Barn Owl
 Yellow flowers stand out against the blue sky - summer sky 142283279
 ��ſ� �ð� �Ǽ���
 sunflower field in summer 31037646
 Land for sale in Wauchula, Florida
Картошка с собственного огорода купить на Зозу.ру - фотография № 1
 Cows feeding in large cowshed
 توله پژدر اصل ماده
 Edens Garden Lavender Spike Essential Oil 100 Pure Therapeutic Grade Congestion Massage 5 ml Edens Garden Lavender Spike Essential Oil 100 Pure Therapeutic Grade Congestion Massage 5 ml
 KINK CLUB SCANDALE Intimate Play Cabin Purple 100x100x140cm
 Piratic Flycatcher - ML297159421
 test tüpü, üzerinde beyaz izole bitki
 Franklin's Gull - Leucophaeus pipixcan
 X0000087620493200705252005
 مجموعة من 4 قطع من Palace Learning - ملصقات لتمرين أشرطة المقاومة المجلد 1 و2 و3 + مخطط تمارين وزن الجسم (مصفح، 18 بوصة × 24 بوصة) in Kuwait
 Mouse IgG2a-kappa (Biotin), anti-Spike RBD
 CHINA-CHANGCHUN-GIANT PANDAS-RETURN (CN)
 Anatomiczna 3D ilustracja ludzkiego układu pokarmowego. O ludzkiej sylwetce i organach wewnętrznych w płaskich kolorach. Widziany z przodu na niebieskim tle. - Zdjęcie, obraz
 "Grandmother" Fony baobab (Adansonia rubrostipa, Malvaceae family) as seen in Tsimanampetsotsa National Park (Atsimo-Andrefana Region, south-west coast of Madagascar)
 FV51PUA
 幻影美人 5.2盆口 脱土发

++++++++++

What is needed: Lines above with the string "summer" need to be found and copied.

Task result:
 Yellow flowers stand out against the blue sky - summer sky 142283279
 sunflower field in summer 31037646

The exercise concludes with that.